Drug	Drug Molecule	Mechanism of Action	Trial	Trial Design	Line	Result
Tarceva	TKI	EGFR inhibition	BR.21	Tarceva vs placebo	2nd and 3rd	- Increased PFS (9.9wks vs 7.9wks) - Increased survival (6.7mo vs 4.7mo)
Iressa	TKI	EGFR inhibition	ISEL	Iressa vs best supportive care	3rd	- No significant improvement in survival in overall patient population (5.6mo vs 5.1mo)
Erbitux	mAb	EGFR inhibition	FLEX	Erbitux + chemo vs chemo alone	1st	- Initiated in 2004. Top-line data expected in 2H 2007.
Vectibix	mAb	EGFR inhibition	Phase II study	Vectibix + CP vs CP alone	1st	- No benefit in TTP (4.2mo for V+CP vs 5.3mo) - No benefit in survival (8.5mo vs 8.0mo)
Avastin	mAb	EGFR inhibition	E4599	Avastin + CP vs CP	1st	- Increased PFS (6.4mo vs 4.5mo) - Increased survival (12.5mo vs 10.2mo)
Tarceva + Avastin	TKI and mAb	EGFR and VEFR inhibition	ATLAS	Avastin + CP followed by Avastin + Tarceva vs Avastin + CP followed by Avastin + placebo	1st	- Recently initiated.
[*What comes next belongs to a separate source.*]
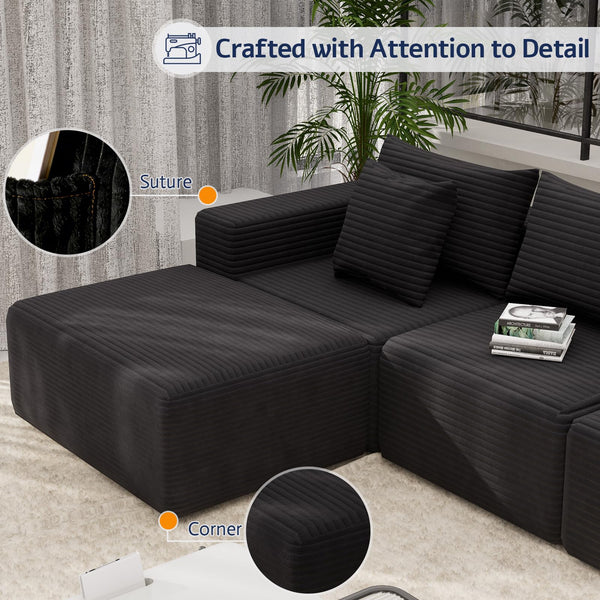 Oversized Corduroy Ottoman Rectangle Pouf with 28D Foam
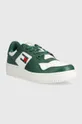 Δερμάτινα αθλητικά παπούτσια Tommy Jeans TJM RETRO BASKET ESS πράσινο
Top-line results expected in 2008.
Nexavar	TKI	VEGF and RAF inhibition	Phase III study	CP ± Nexavar for 6 cycles, followed by Nexavar or placebo	1st	- Recently initiated. Top-line results expected in 2008.
Zactima	TKI	VEGF and EGFR inhibition	Phase III study	Zactima + docetaxel vs docetaxel	2nd	- Top-line results expected in 2008.
Sutent	TKI	VEGF and PDGF inhibition	Phase II study	Sutent only	2nd and 3rd	- Similar PFS and OS to Tarceva, Nexavar and Zactima.
Telcyta	Small molecule	GST P1-1 inhibition	ASSIST-2	Telcyta vs Iressa	3rd	- Initiated in 2004. Top-line results expected Q4 2006.
Telcyta	Small molecule	GST P1-1 inhibition	ASSIST-4	Telcyta + CP	1st	- Not yet initiated
ProMune	Oligo	TLR9 activation	Phase III - CP	ProMune + CP vs CP	1st	- Recently initiated. Top-line results expected in 2007/2008.
ProMune	Oligo	TLR9 activation	Phase III – GC	ProMune + GC vs GC	1st	- Recently initiated. Top-line results expected in 2007/2008.
AMG 706	TKI	VEGF and PDGF inhibition	Phase II study			- Currently on hold due to toxicity issues.
Abbreviations: TKI = tyrosine kinase inhibitor; mAb = monoclonal antibody; EGFR = epidermal growth factor; VEGF = vascular endothelial growth factor; PDGF = platelet derived growth factor; GST P1-1 = glutathione S-transferase; TLR9 = toll-like receptor 9; CP = carboplatin + paclitaxel; GC = gemcitabine + cisplatin.